Tareq and Shawon were two friends of the problem setter's. Many years ago, they died in a road accident. The problem setter still misses them. He gives you the following task in memory of his friends.

You're given a tree with n nodes and n-1 edges. Each node contains a single character. (A node can contain any of the lowercase Latin letters 'a' to 'z' or special symbol '&'). You've to answer if it is possible to find the string "tareq&shawon", without quotes, as a subsequence if you choose a path from the root node to a leaf node. If it is possible then print the path that contains the mentioned string as a subsequence. If there are multiple paths containing the above string as a subsequence, print the lexicographically smallest one. Note that 1 is the root of the tree and you've to print the whole path from the root node to a leaf node that contains the above string as a subsequence.

You have to answer t independent test cases.

Input

The first line of the input contains one integer t (1 <= t <= 1000) - the number of test cases.
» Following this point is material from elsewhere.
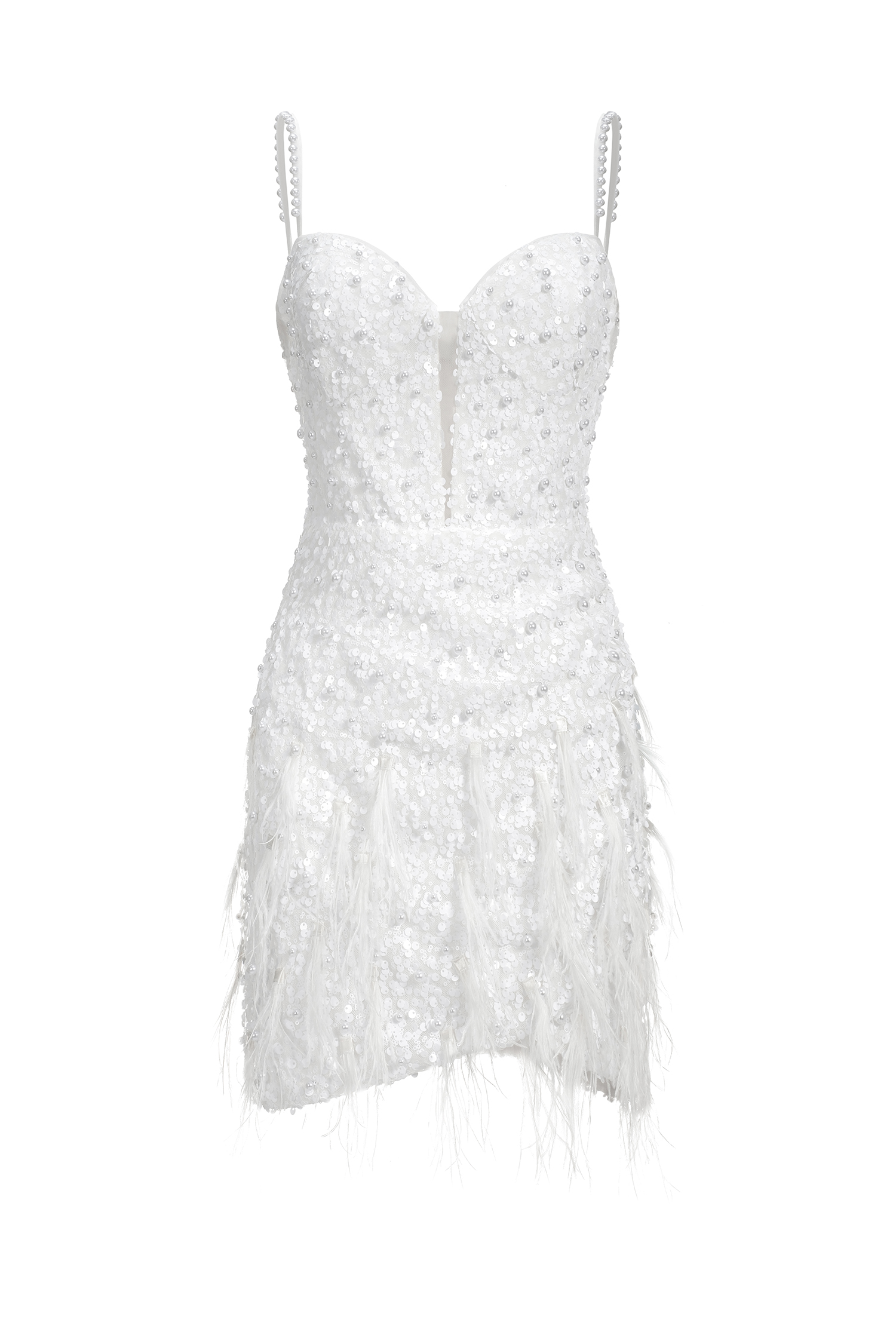 Tryphosa Feather Diamond Mini Dress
Then t test cases follow.

The first line of the test case contains one integer n (1<= n <= 10^5) - number of nodes in the tree.

The next n-1 lines contains two integers u (1 <= u <= n) and v (1 <= v <= n) denotes an edge between node u and v.

The next line contains n space separated characters where c[i] corresponds to the character in the i’th node. c[i] can be a lowercase Latin letter or special symbol '&'.

It is guaranted that the sum of n over all test cases does not exceed 10^5.

Output

For each case print the case number and then print "YES" if there is a path from the root node to a leaf node that contains the mentioned string as a subsequence. And print the lexicographically smallest path that contains the mentioned string as a subsequence.

Otherwise, print "NO".

Example

Input:
1
31
1 2
2 3
3 8
8 9
9 13
13 17
17 18
18 23
2 4
4 7
7 10
10 14
14 16
16 19
19 22
22 28
28 29
29 30
30 31
2 5
5 6
6 11
11 12
12 15
15 20
20 21
21 24
24 25
25 26
26 27
t a r r r e e e q q q & & & s s s h h h a a a w o n m w o n x

Output: Case 1: YES 1 2 4 7 10 14 16 19 22 28 29 30 31

</p>

Notes

There are two possible path from the root to a leaf that contains mentioned string as a subsequence. They are 1 2 4 7 10 14 16 19 22 28 29 30 31 and 1 2 5 6 11 12 15 20 21 24 25 26 27. The first one is lexicographically smaller.